Although the morning was foggy and bleak, by noon the sun broke through bathing the crowd that gathered on a hill overlooking the battlefield where, from July 1 to July 3 Confederate and Union forces met in a bloody confrontation that generated the most casualties of any battle in the war and made the South’s eventual defeat certain.
A military band played. A local preacher gave a lengthy invocation.
The headliner at the ceremony was Edward Everett, a Massachusetts educator and former politician known for both the quality of his speeches and his gifted delivery. He raised $70,000 through speechmaking to preserve George Washington’s former home at Mount Vernon.
Everett spoke for more than two hours, not uncommon at the time, describing the great detail battle fought four-and-one-half months ago. True to form, Everett elicited tears more than once from his audience.

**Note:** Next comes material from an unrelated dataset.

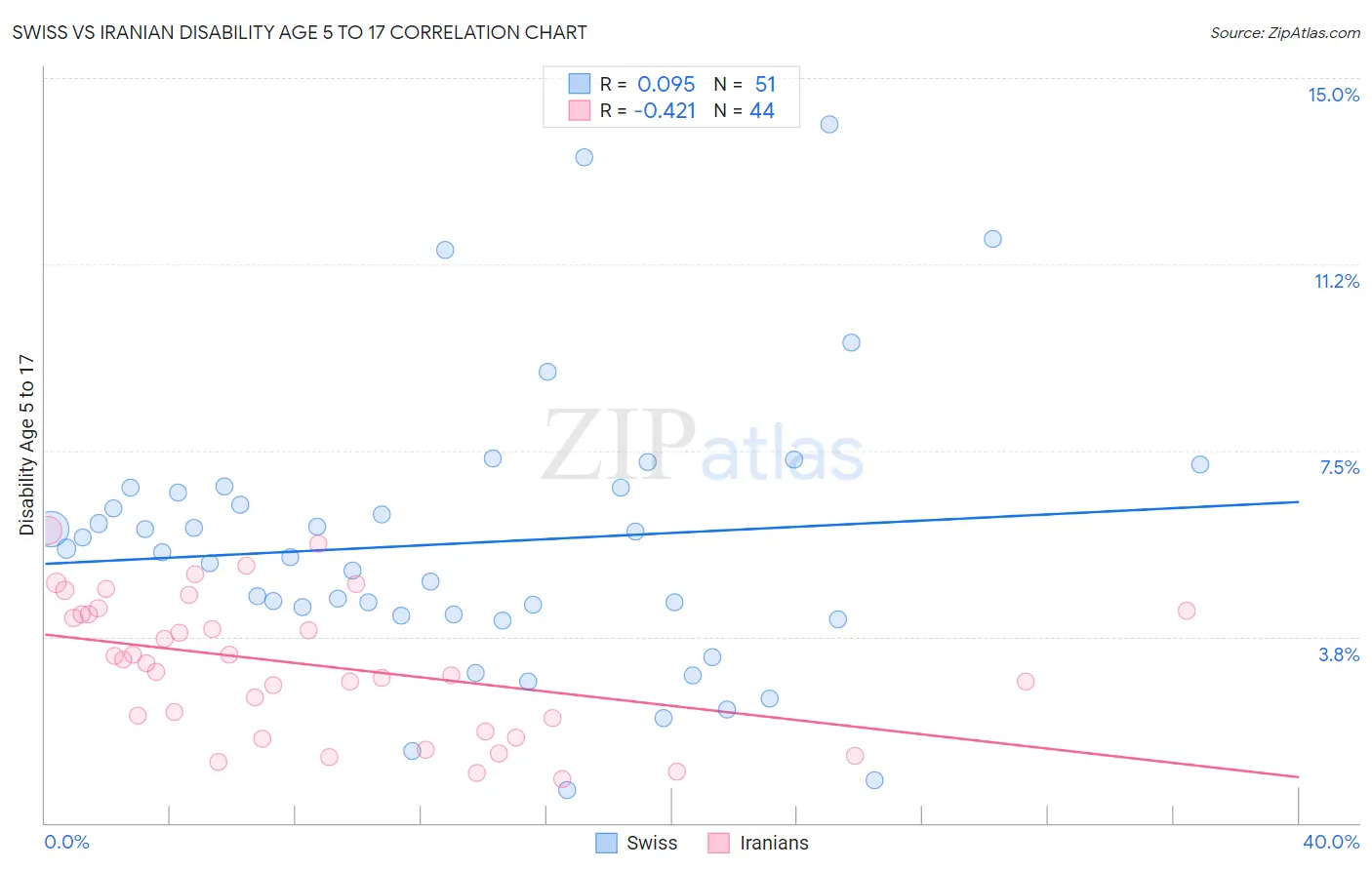 Swiss vs Iranian Disability Age 5 to 17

After Everett, it was Lincoln’s turn. He pulled his speech from his coat. The speech was written in Washington before Lincoln took the train to Gettysburg. (Think of train rides today; imagine how difficult it would be to write even a short speech in longhand in a bumpy rail car? Let alone on an envelope.)
There are only 10 sentences in Lincoln’s speech. He doesn’t dwell on the details or the war or the battle of Gettysburg. He says nothing of slavery. Or the Union and the Confederacy.
He says the United States is anchored on the principle that all men are created equal and that we should honor those who died for that principle and continue fighting for that same principle in the future.
A photographer was setting up his camera while Lincoln spoke and many in the audience missed the president’s remarks.
Everett sent Lincoln a note saying, “I wish that I could flatter myself that I had come as near to the central idea of the occasion in two hours as you did in two minutes.”
Lincoln wrote Everett back:
“Your kind note of today is received. In our respective parts yesterday, you could not have been excused to make a short address, nor I a long one. I am pleased to know that, in your judgment, the little I did say was not entirely a failure.
“Of course I knew (You) would not fail; and yet, while the whole discourse was eminently satisfactory, and will be of great value, there were passages in it which transcended my expectation.
“The point made against the theory of the general government being only an agency, whose principals are the states, was new to me, and, as I think, is one of the best arguments for the national supremacy. The tribute to our noble women for their angel-ministering to the suffering soldiers surpasses, in its way, as do the subjects of it, whatever has gone before.
“Our sick boy, for whom you kindly inquire, we hope is past the worst.
Your Obt. Servt. – A. Lincoln”
The speech:
“Four score and seven years ago our fathers brought forth on this continent a new nation, conceived in Liberty, and dedicated to the proposition that all men are created equal.
“Now we are engaged in a great civil war, testing whether that nation or any nation so conceived and so dedicated, can long endure. We are met on a great battlefield of that war. We have come to dedicate a portion of that field, as a final resting place for those who here gave their lives that that nation might live. It is altogether fitting and proper that we should do this.
“But, in a larger sense, we cannot dedicate—we cannot consecrate—we cannot hallow—this ground. The brave men, living and dead, who struggled here, have consecrated it, far above our poor power to add or detract. The world will little note, nor long remember what we say here, but it can never forget what they did here. It is for us the living, rather, to be dedicated here to the unfinished work, which they who fought here have thus far so nobly advanced.
“It is rather for us to be here dedicated to the great task remaining before us—that from these honored dead we take increased devotion to that cause for which they gave the last full measure of devotion—that we here highly resolve that these dead shall not have died in vain—that this nation, under God, shall have a new birth of freedom—and that government of the people, by the people, for the people, shall not perish from the earth.”